Here is part four of five of my interview with Walter Chapin, director of the Oriana Consort.
Interview with Walter Chapin, 1/30/09, Café Algiers in Harvard Square, Cambridge, 2:00 pm
(continued from Part 3)
What follows are Walter's thoughts on conducting. This is his notes, as the portion of the interview where we talked about this was lost.
What I think young conductors should be working on:
At least the following six things (I could probably think of more), all of which I believe are absolutely necessary conditions for being a successful choral director:
1. Learn repertory, learn repertory, learn repertory. Constantly be playing through choral pieces you’re not familiar with. I doubt that it matters if you do this systematically or haphazardly, as long as you’re always looking at music that’s new to you. Your mental repertory cache will expand enormously over time.
2. Know how to read and play well from open score. Even if you’re not primarily a pianist, you’ve got to have sufficient piano technique to be able to play from four, five, six, seven, or eight staves. There’s no other way to know what each part has to sing. And know how to read instrumental scores as well --- with their C clefs, wind-instrument transpositions, and whatever. If you want to do works with instrumental accompaniment, you’ve got to have this capability.
3. As mentioned above, learn how to put together a concert program that will sustain the attention of your audiences over an hour and a half, and of your singers over a series of rehearsals. This isn’t easy to learn; it certainly wasn’t in my case. But it’s essential!
4. Cultivate, in your mind’s ear, a sense of what a choral group should sound like: develop ideals for the kind of choral tone a section should have, for how vertical harmonies should sound, for how phrasing should go, of how various languages should be articulated in choral singing, etc. etc.
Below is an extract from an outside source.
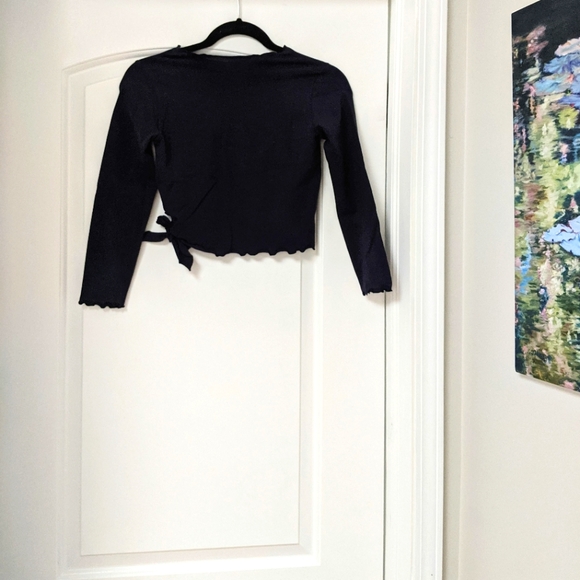 NWOT Girls Navy Scallop Crop Top - Picture 2 of 13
5. Always know in advance the notes, the vertical harmonies, the phrasing, the dynamics, etc., that you want to hear from your singers. In rehearsal, when something is not right, you’ve got to know that instantly, and figure out in seconds how to fix it.
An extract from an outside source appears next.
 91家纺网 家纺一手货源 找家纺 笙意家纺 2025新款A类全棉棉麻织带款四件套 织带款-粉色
6. Listen to other choral groups --- as many as you can, and often, both live and on CDs. Get to know other choral directors!
Qualities I think are important in conductors, and advice on how to get ahead:
1. Be a DIRECTOR, not a CONDUCTOR. This is an important distinction, one that I picked up from an instructor at New England Conservatory and that attracted me, and not all may agree with me on this. But I think a choral director should not LEAD (as in conduct), but POINT THE WAY (as in direct).
2. A good singing voice has a life of its own. You can choose whether or not you want that voice in your ensemble, but once in, let it live its own life. Get the sounds you want from your ensemble by subjective suggestion, not by objectively telling your singers exactly how to do this and that in a physical sense.
3. Be sensitive to that magic moment that comes at some point in a series of rehearsals when all the technical stuff in a piece is finally learned, leaving the musical souls of your singers free to take over naturally. This is how real choral music happens: while a certain amount of preparatory drill is of course necessary, it should never be of the kind or quantity that leads to a rote-like, mechanical sound in performance. That’s not really music! Music is something magical, which finally emerges after some rehearsal effort, but which, once rehearsed, happens spontaneously and on its own.
4. Know your singers. Get to know them as people. Get to know how they feel about the music they’re doing. Listen to their input and ideas --- about programming, about chorus administration, whatever. Take advantage of their energy by giving them administrative things to do.
5. Figure out how to get your group widely heard and financially supported. Do this with the help of others, of course (such as your Board of Directors, if you have one) --- but lead the way with ideas, concepts, etc.
6. You may very well be a first-rate musical scholar, but a concert should be an artistic, right-brain experience for your audience, your singers, and you - not a lecture! Unless your performance is intended specifically an academic exercise (e.g. as in a symposium), remember that members of your audience want to leave a concert thinking “That was beautiful”. They don’t want to feel that they have been lectured to. Imparting knowledge about music you’re performing is important, of course, but do that in your program notes.